[DATA FOR PROCESSING — start]

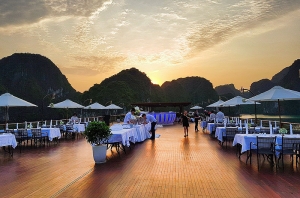 Tour Du Thuyền Indochine – Lan Hạ – 2 Ngày 1 Đêm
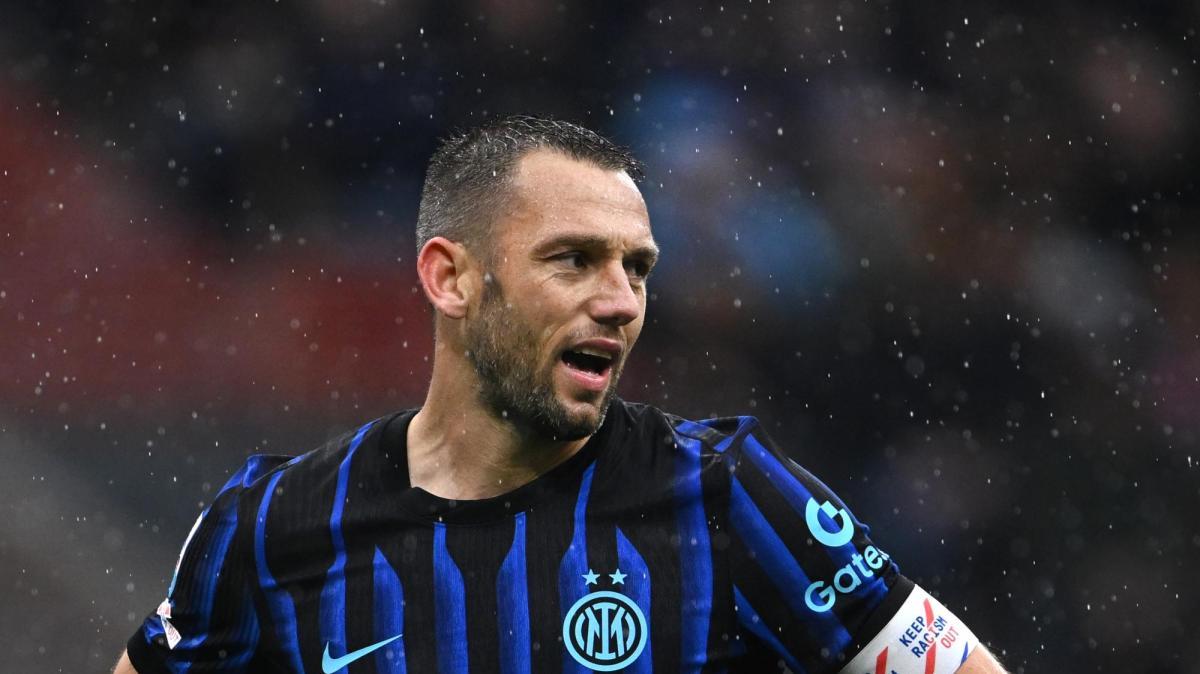 Fabrizio Romano: "Accelerata dal Panathinaikos per De Vrij! Si aspetta solo..."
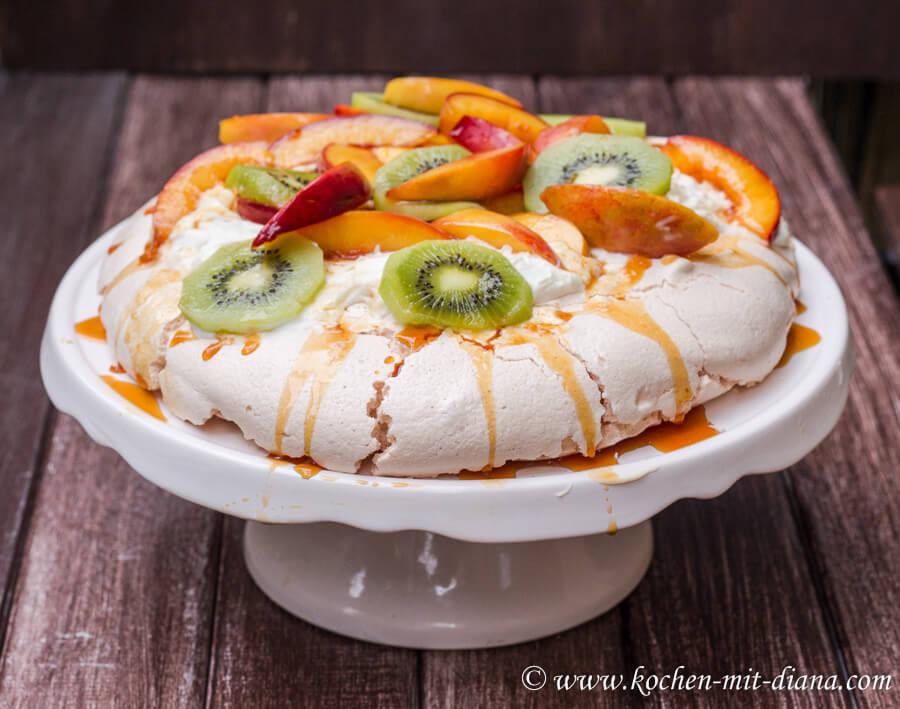 Rezeptbild: Pavlova mit Nektarinen und Kiwi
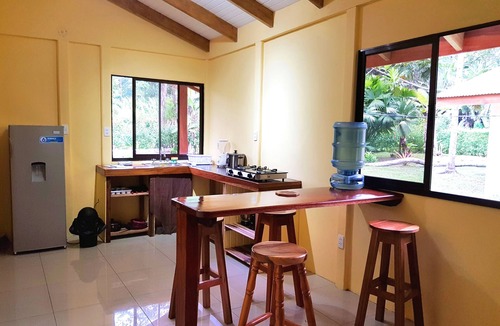 Cahuita House | Casa Melocotón 4 people (Hotel-Cabinas Nadine)
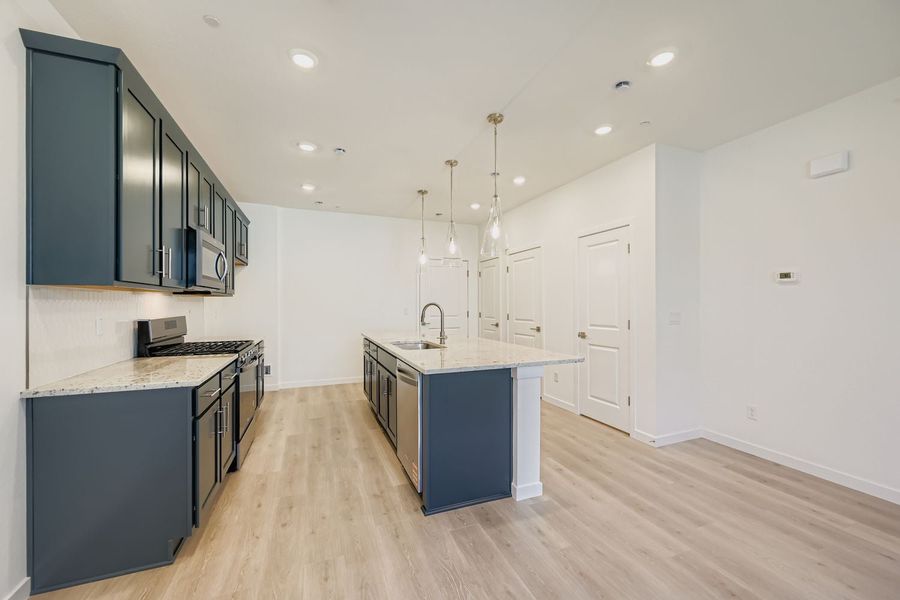 2773 Bear Springs Cir, Longmont, CO.  - Slide 10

[DATA FOR PROCESSING — finish]

WORK INSTRUCTION |
An exact, word-for-word copy of the records is expected, with no pictures in it.

RESULT FOR THIS EXERCISE |
 Tour Du Thuyền Indochine – Lan Hạ – 2 Ngày 1 Đêm
 Fabrizio Romano: "Accelerata dal Panathinaikos per De Vrij! Si aspetta solo..."
 Rezeptbild: Pavlova mit Nektarinen und Kiwi
 Cahuita House | Casa Melocotón 4 people (Hotel-Cabinas Nadine)
 2773 Bear Springs Cir, Longmont, CO.  - Slide 10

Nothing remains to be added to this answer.